• **Aim of the task**: Look below for the line with "this 325×217 image.", and from there restate every line word for word until the entries end.

(Records excerpted from a collection)
------------------------------------------------------------

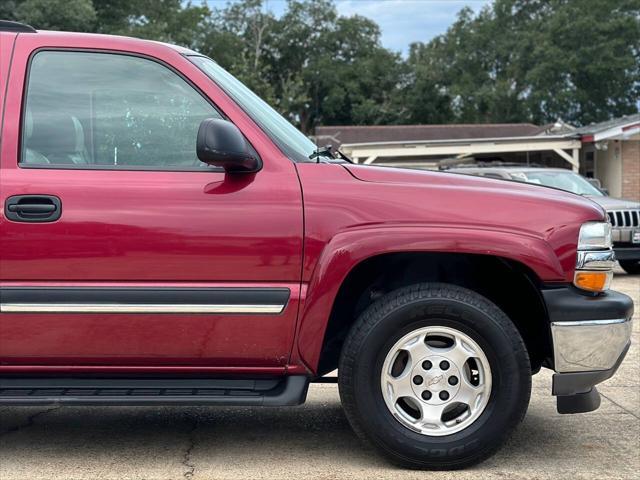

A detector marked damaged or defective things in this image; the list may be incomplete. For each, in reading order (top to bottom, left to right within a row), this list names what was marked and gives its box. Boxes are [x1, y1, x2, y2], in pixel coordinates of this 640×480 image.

crack in pavement [0, 404, 59, 438]
crack in pavement [600, 390, 640, 420]
crack in pavement [181, 414, 199, 478]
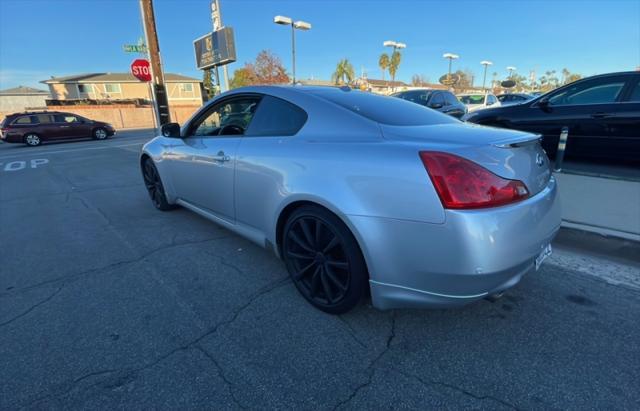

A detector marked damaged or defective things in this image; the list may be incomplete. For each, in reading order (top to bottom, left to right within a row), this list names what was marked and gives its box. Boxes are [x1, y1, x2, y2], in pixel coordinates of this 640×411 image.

pavement crack [0, 286, 62, 328]
pavement crack [332, 310, 398, 410]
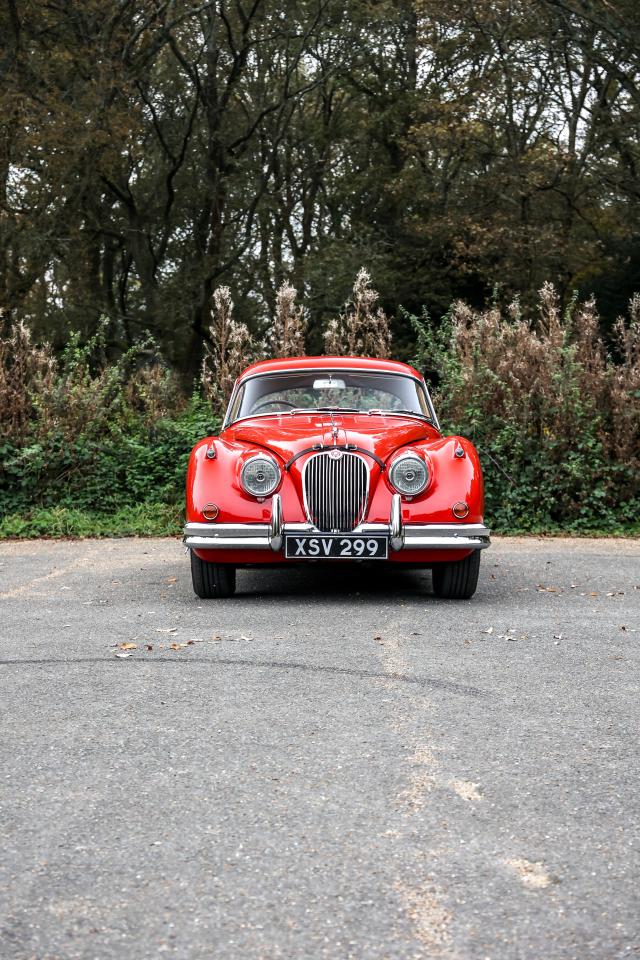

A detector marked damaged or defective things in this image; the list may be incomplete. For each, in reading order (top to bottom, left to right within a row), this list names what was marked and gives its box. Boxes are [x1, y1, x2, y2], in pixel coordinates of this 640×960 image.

cracked asphalt [0, 536, 636, 956]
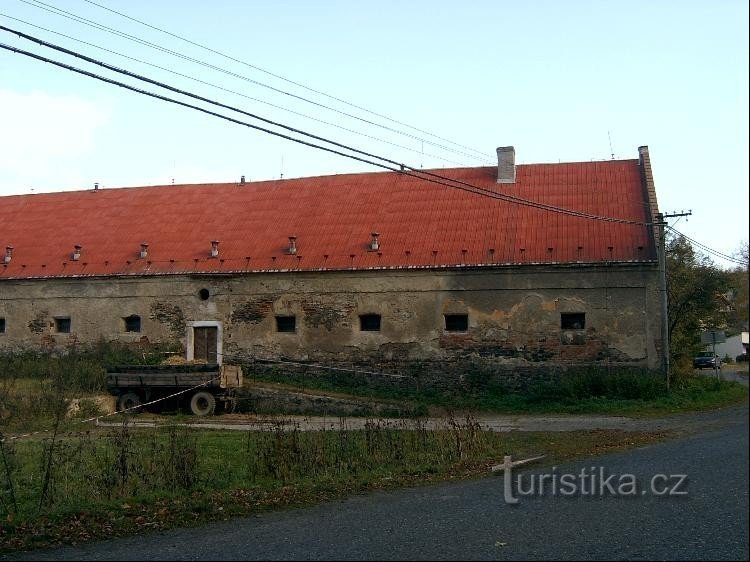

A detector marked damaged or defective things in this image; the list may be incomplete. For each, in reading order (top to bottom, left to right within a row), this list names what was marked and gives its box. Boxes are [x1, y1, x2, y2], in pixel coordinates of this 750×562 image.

peeling plaster wall [0, 264, 660, 370]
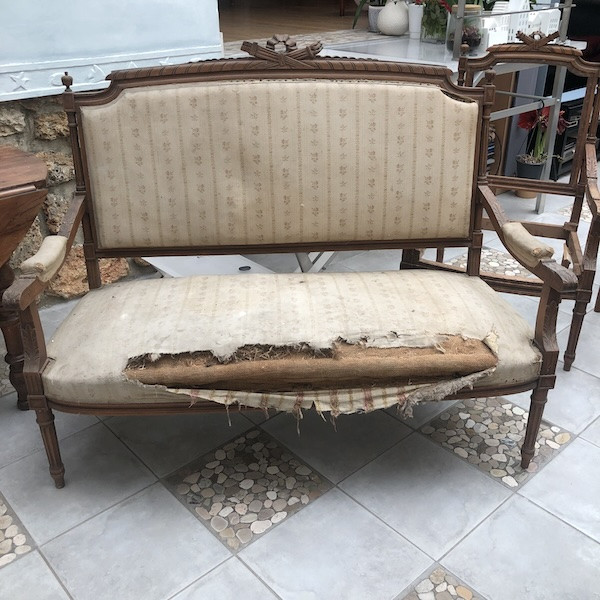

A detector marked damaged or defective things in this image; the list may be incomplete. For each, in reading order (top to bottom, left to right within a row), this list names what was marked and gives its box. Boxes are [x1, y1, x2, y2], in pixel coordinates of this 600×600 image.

torn upholstery fabric [42, 270, 540, 412]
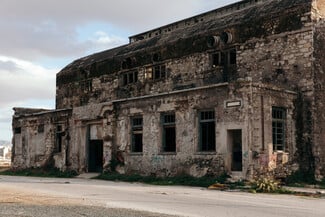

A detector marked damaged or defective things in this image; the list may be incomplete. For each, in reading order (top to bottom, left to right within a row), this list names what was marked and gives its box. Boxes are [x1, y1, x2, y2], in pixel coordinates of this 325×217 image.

broken window [197, 110, 215, 151]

------------------------------------------------------------

• **Expected answer**:
A detector marked damaged or defective things in this image; the list may be incomplete. For each, in reading order (top to bottom, left to right within a row), this list names what was marked and gives its box. Boxes are [x1, y1, x2, y2], in pixel coordinates of this 325×217 image.

broken window [197, 110, 215, 151]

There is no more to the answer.